Nella serie in situazioni cosiddette clutch times (quando cioè siamo negli ultimi 5 minuti della partita e il divario non supera le 5 lunghezze) il vantaggio dei Pacers è di 11 punti. Indiana vince entrambe le gare del Verizon Center, dimostrando come in questi playoff 2014 sia più temibile fuori che dentro le mura amiche.

Come ampiamente previsto, chi pensava che i ragazzi di Vogel si fossero nuovamente nonché stabilmente assestati sui livelli di inizio anno, è rimasto deluso. Questa volta George e compagni ci hanno fatto vedere un altro pezzo del repertorio: la rimonta.

D’altronde, quando hai una difesa del genere, è molto difficile che gli avversari prendano il largo e salutino tutti. Washington ha giocato bene per i primi 2 quarti, poi gli ingranaggi offensivi della squadra della Capitale si sono inceppati.

I canestri che all’inizio entravano con una certa regolarità, nei secondi 24 minuti hanno iniziato a non trovare più il fondo del secchiello. Indiana è rimasta sempre lì, a qualche incollatura di distanza ed alla fine, grazie alla prestazione gigantesca del suo uomo migliore, Paul George, ed alla ritrovata continuità di Hibbert, ha prevalso sui più giovani avversari.

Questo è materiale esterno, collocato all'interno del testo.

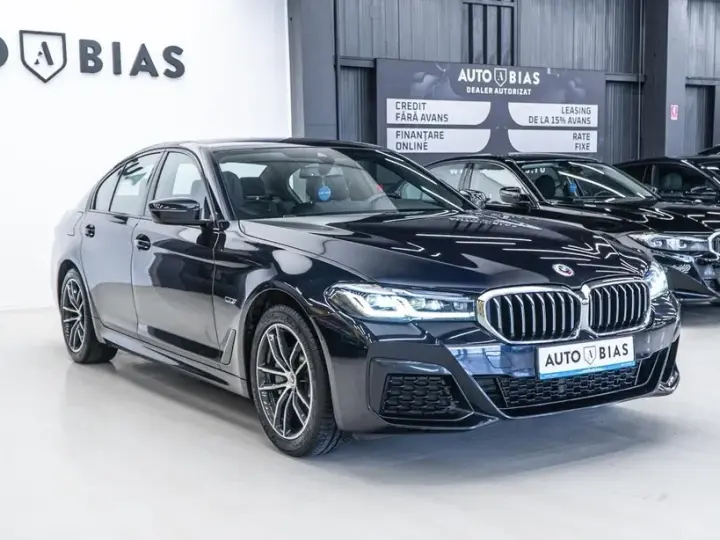 BMW Seria 5 G30/G31 520e AT PHEV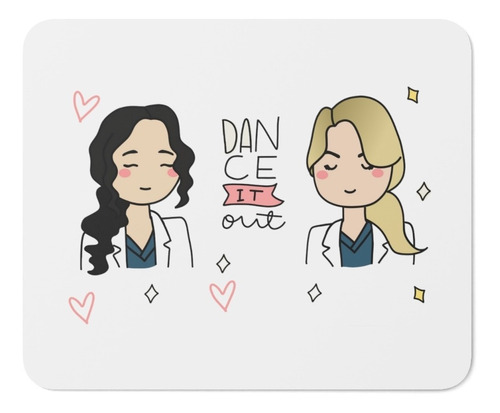 Mouse Pad - Grey's Anatomy - Dance It Out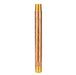 1/2 in. x 8 in. Red Brass Pipe - Sweatfully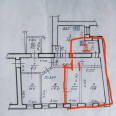 Продам квартиру, Героев Харькова просп. , 2 кім., 50 м², косметический ремонт 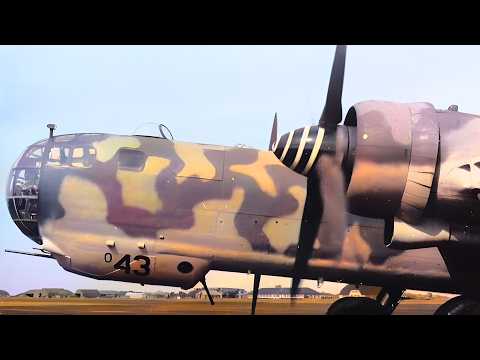 The Weirdly Massive Firetrap Bomber That Terrified Everyone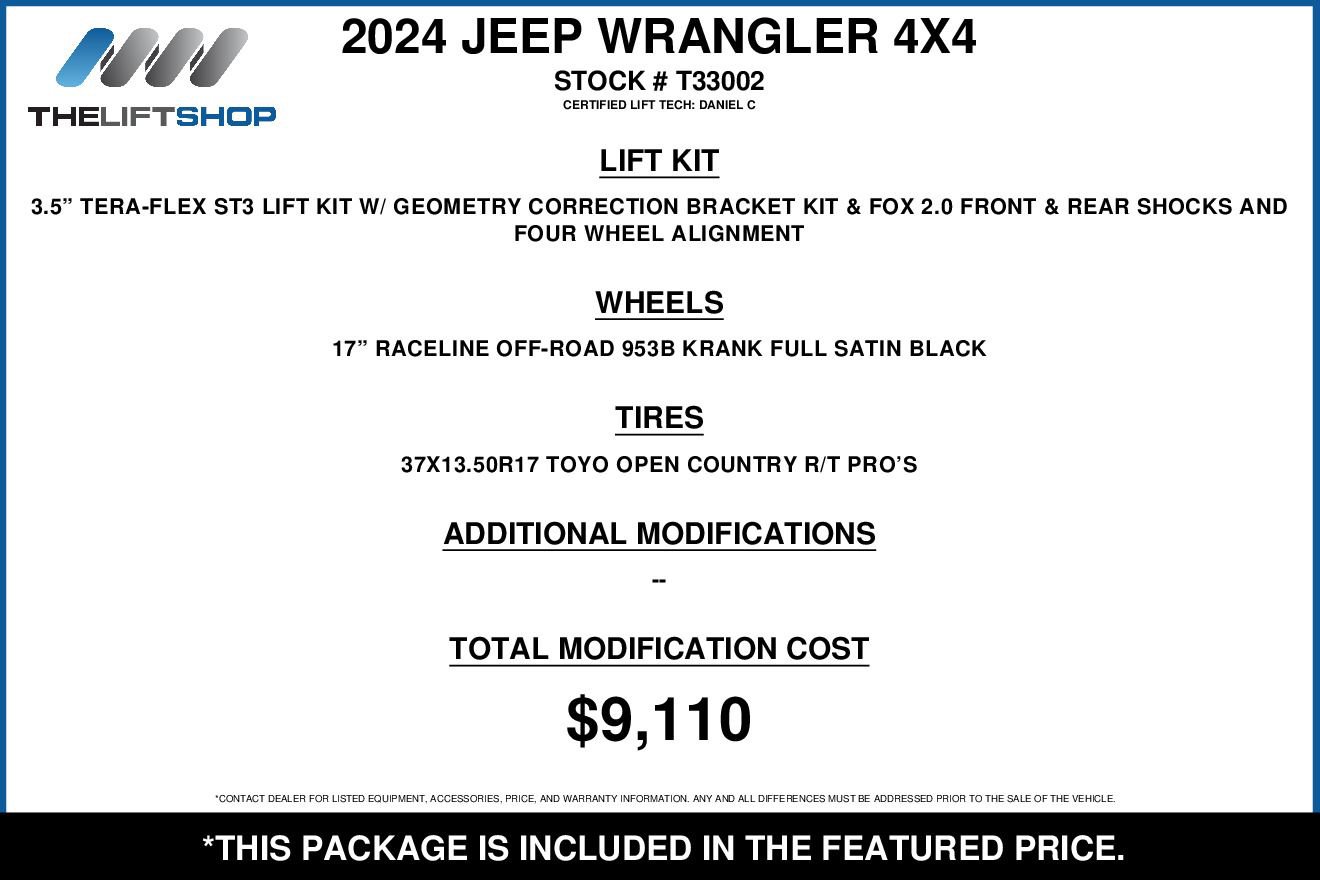 Used 2024 Jeep Wrangler Unlimited Rubicon AWD/4WD video 2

Adesso per i Wizards si fa veramente dura. Gara 5, che potrebbe anche finire per mandarli in vacanza, è fissata per martedì notte alla Bankers Life Fieldhouse.

Sono in pochi che alla data del 12 maggio 2014 scommetterebbero su tre vittorie consecutive dei ragazzi di Wittman. Come si suol dire però, la palla è tonda e, anche se la difesa di Indiana è ritornata ad essere spigolosa, la psiche di Stephenson e compagni resta abbastanza complessa da sondare e prevedere.

 

2 thoughts on “Si scrive Paul George, si legge Campione: Indiana sul 3-1

  1. Io credo che gli articoli di Mandriani abbiano sempre un qualcosa di speciale. Il suo modo di scrivere e di guardare a fondo le partite, stimolano i lettori come me ad amare ancora di piu’ la NBA. A me piacerebbe moltissimo vedere una finale Indiana-San Antonio, sia perche’ sono stanco di James e compagni, sia perche’ il mio migliore amico tifa Indiana mentre io sono un sostenitore degli Spurs. Cosi’ mi piacerebbe batterlo in finale…

  2. Onestamente mi sembrano parole un pò forti. Stiamo parlando di una semi finale di Conference ok, ma contro gli Wizards che quest’anno hanno avuto un record per niente esaltante. Vorrei vedere contro gli Heat o qualunque altra squadra del Ovest cosa farebbero. Fino a 3 gare fa erano morti ora che giocano contro Washington che sono poca cosa diventano tutti campioni. Mah!